本当に頑張っていただきたい!そのために出来る事をしていきたいと心より思います。
私もNHKの和菓子の番組、見ております。
仙台の和菓子も紹介の予定なのですか。放送されるといいですが・・・。
前回の放送見てましたよー、今後も楽しみですね。そうそう、参考書籍の一番目がそのテキストです。貴重な映像ですからぜひ放送してほしいですよね、嘆願するべきかしら?
再開に向けて動き出したとの知らせは、被災していないわたしたちでさえ勇気づけられます。次の記事も待ってます!
NHK教育の「直伝 和の極意 彩りの和菓子 春紀行」の5月10日(火)放送予定の第7回ですが、Kozueさんのおっしゃるとおり「愛知 茶菓子 殿様が築いた創意の味わい(仮)」となるようですね。
http://www.nhk.or.jp/kurashi/wagoku/
仙台の老舗の件は残念ですが、愛知県のお茶菓子とは抹茶の産地・西尾でしょうか? これはこれで楽しみです。
ほっんとに良かった〜と感動しました。
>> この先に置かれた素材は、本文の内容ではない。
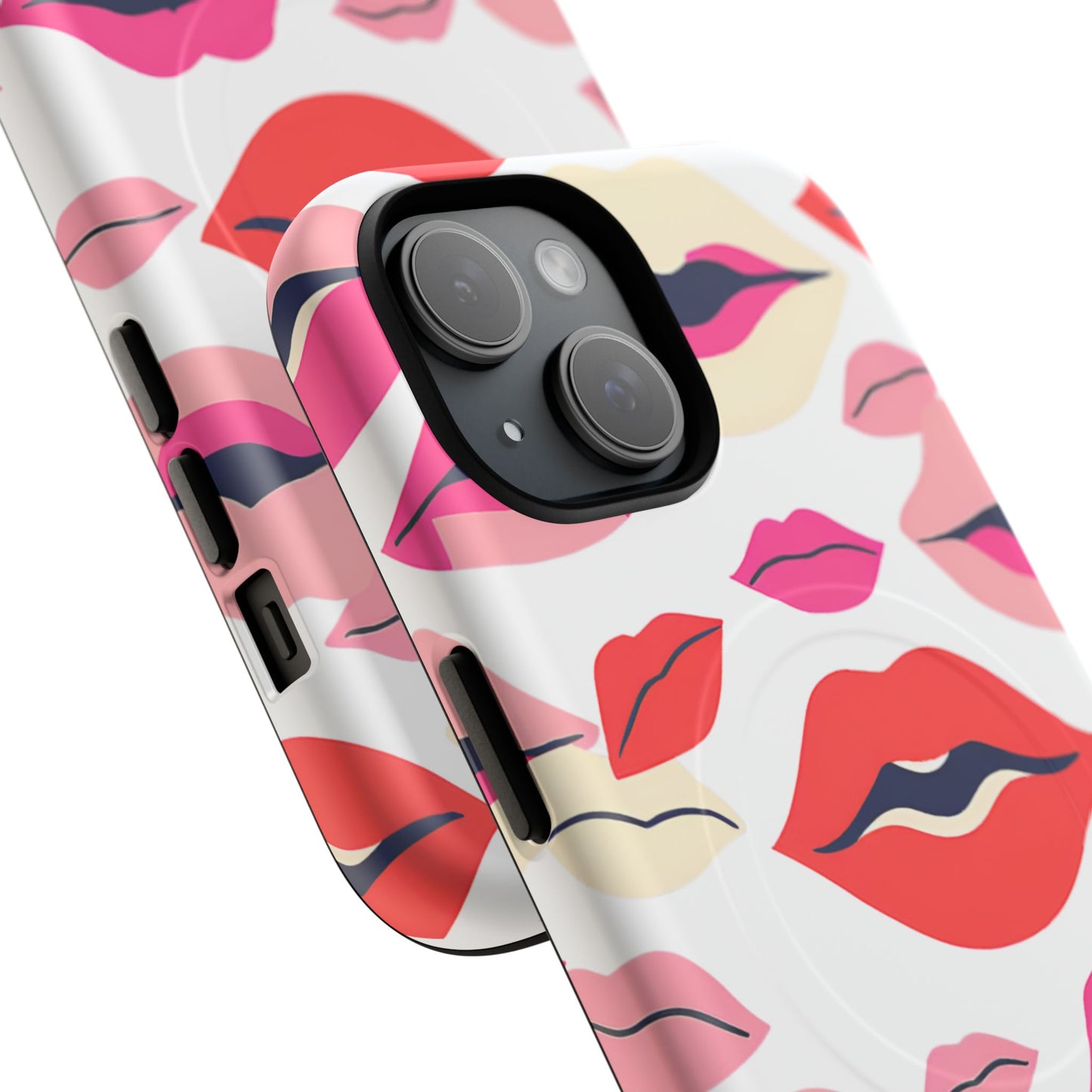 Talk to Me Phone Tough Magnetic Case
文章で書くとあっさりしてますが、ワタシの気分は完全に減りんじゃった(泣きが入った)状態から奇跡的に突然光明が差したようなかんじで。皆さんの力強さにはただただ感服するばかり。人間って強いなあとあらためて驚いています。
NHK、kozueさん笹団子さんのコメントにあるように今回は変わるみたい。どこかで放送すべきだと思うんですけど。
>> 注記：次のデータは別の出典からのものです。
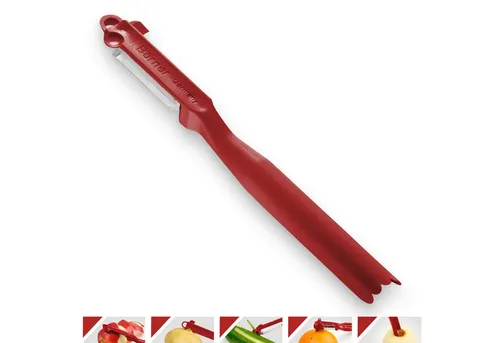 Börner Sparschäler Kombischäler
宮崎もまだまだ大変な状態から抜けていないんですよね。そちらも忘れないようにしなくては。
>被災していないわたしたちでさえ勇気づけられます。
ホントに。今更ながらに伝統を支える方の力強さに胸を打たれます。
>次の記事も待ってます!
おう,待ってくれ!
ご丁寧にありがとうございます。名古屋も楽しみですね。東北もまた必ず放送していただきたいものです。
食べてみたいです(*^o^*)
こんばんは。丹六園さんの安否はなかなか確認できなかったようですね。さぞご心配されたでしょう。ご無事だったこと、そしてなつみさんも安心されたようで良かったです。